The common theme across all groups was that workers are far better at thinking this through than pretty much anyone has given them credit for. They not only have a keen eye for the potential to improve processes that take them away from their key mission, but also a critical eye around where the ethical red lines should lie.
Nurses offered insights around how automation could both improve and undermine patient care; public servants were alert to the mistakes of robodebt and worried that it would overshadow future opportunities for trust building.
As for retail workers, who are the crash test dummies most exposed to a reckless combination of automation and surveillance, there is deep concern about the way that automatic checkouts have undermined the humanity of their work and the experience of their customers.
The message from our research was consistent and compelling across three quite different sets of participants. It’s critical that workers become far more than invisible bystanders in the AI revolution; they have both a right and, they would say, a responsibility to actively design the new technology.
Overwhelmingly, the public agrees across all voting types. By way of context, these numbers are as strong as support for the banning of social media for teenagers, which seems to be the current Band-aid fix to our digital jungle.
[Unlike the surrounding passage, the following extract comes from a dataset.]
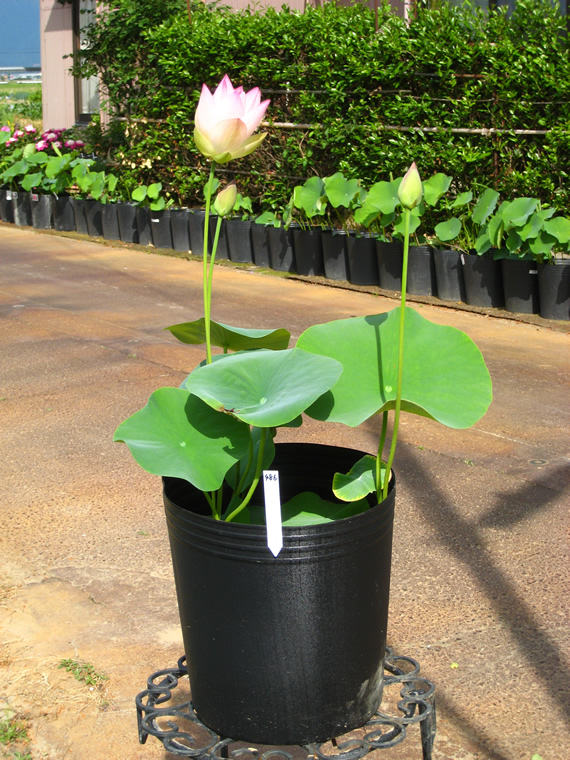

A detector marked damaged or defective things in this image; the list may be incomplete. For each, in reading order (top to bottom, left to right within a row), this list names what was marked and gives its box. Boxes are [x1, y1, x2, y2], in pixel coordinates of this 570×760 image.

To what extent do you agree with the following statements about AI?
What does this mean for regulators eager to save us from technology? When it comes to AI, the best defence is not to simply wrap ourselves in a protective legislative cocoon and demand another tough new law to preempt or repel every risk or act of harm.
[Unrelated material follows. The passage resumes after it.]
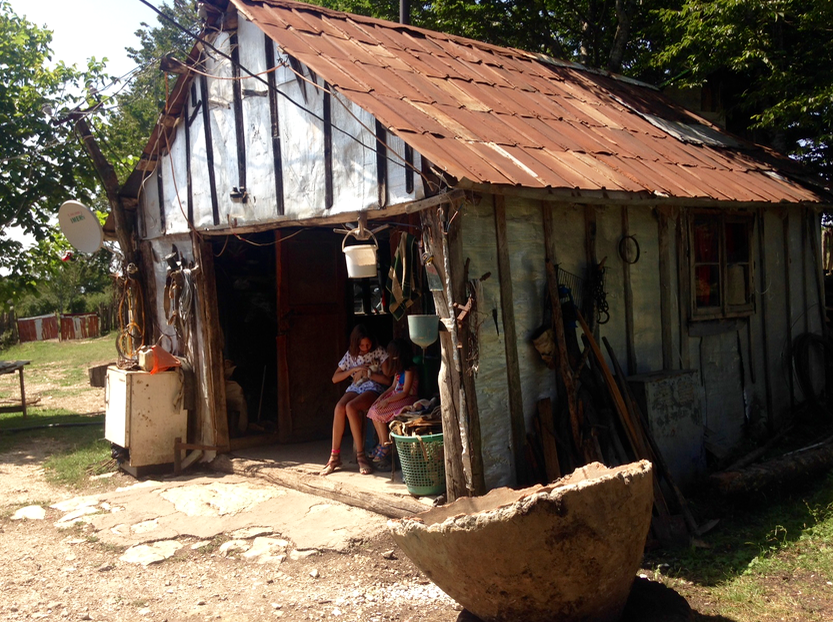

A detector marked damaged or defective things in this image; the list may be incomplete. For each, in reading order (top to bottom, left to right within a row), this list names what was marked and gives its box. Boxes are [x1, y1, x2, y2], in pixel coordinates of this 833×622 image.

Rather, it is about determining who has the power.
If we are going to embrace AI, let’s do so as active participants, not passive subjects. Let’s embed the notion of shared benefits with strong industrial guardrails. Let’s get AI out of the IT department and onto the shop floor. And let’s demand those driving the introduction of this technology do so with us, not to us; shaped by us, not shaping us; augmenting our labour, not automating it.
The lesson of the social media revolution has been that technology is neither innately good nor bad. What seemed like a positive tool to connect people on an open platform has become a threat to our collective wellbeing because of the underlying business model.
Approaching AI with this critical mindset, rather than naively embracing progress as a self-evident good, is the first step.
Thanks to scholars like Acemoglu and Johnson, we now have an economic argument to match the moral one: the adaptation of new technology can make us all richer and happier if we are given the chance to collectively design it and control it.
Scarlett Johansson won’t save us. But if we can build our own Marvel Universe of local heroes who are trained to draw these lines and are granted the right to enforce them, we just might have a chance to harness this new source of power in our interest.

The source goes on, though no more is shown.